Love & Death in Modern German Literature
This module will be available in 2012-13
About this Module
This module provides an introduction to the problem of death and mortality in a secular culture and the compensatory role that (mainly erotic) love comes to play in the absence of belief in an afterlife in the modern condition. The module introduces you to major authors in literature, film and thought from the Enlightenment to Modernism. You will develop a sophisticated knowledge of the religious tradition and secular modern reflection thereon, both in general terms and in terms of the particular German traditions. Short texts (thought, lyrics and novellas) will be studied by authors including Ariès, Dollimore and Freud, also Lessing, Schiller, Goethe, Novalis, Clemens Brentano, E.T.,A. Hoffmann, Keller, Hofmannsthal and Kafka, also Bram Stoker and the films of Murnau, Neil Jordan, Coppola and others. The canon may vary according to student wishes.
Teaching and Learning
NB: the course will be taught as a 'Short fat module' in Terms 2 and 3 of 2012-13.

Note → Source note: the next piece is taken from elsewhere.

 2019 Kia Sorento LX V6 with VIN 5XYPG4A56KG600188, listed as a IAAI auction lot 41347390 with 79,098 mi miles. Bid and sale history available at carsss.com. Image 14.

It will consist of seminars structured around student presentations, and will involve bi-weekly plenary sessions and a weekly seminar. The module will be taught primarily in German and assessed in German. Preparation of presentations, a weekly programme of reading, and participation in seminars will encourage you to broaden their knowledge base and improve your skills of analysis, argumentation, interpretation, team work and presentation. Attendance will be monitored in all teaching sessions. This module will be capped at 30.
Summative Assessment
- 1500-word commentary in German (25%)
- 3,500-word commentary/essay in German (75%)
Recommended Texts
The module Reader includes texts for the first half of the seminar: brief extracts from Lessing's Wie die Alten den Tod gebildet and Laocoön, Schiller, 'Die Götter Griechenlands', Goethe, Werther and 'Die Braut von Korinth', Novalis, Hymnen an die Nacht and 'Hymne', Zacharias Werner, 'Wer schleicht mit der Fackel', and Clemens Brentano, 'Lore lay'. Students should obtain this and read it before the seminar begins.
Students should purchase texts for the second half of the seminar, Stoker's Dracula, Keller's 'Regine' (from Das Sinngedicht), Hofmannsthal's 'Märchen der 672. Nacht', and Kafka's 'Der Jäger Gracchus'/'Im Hafen'.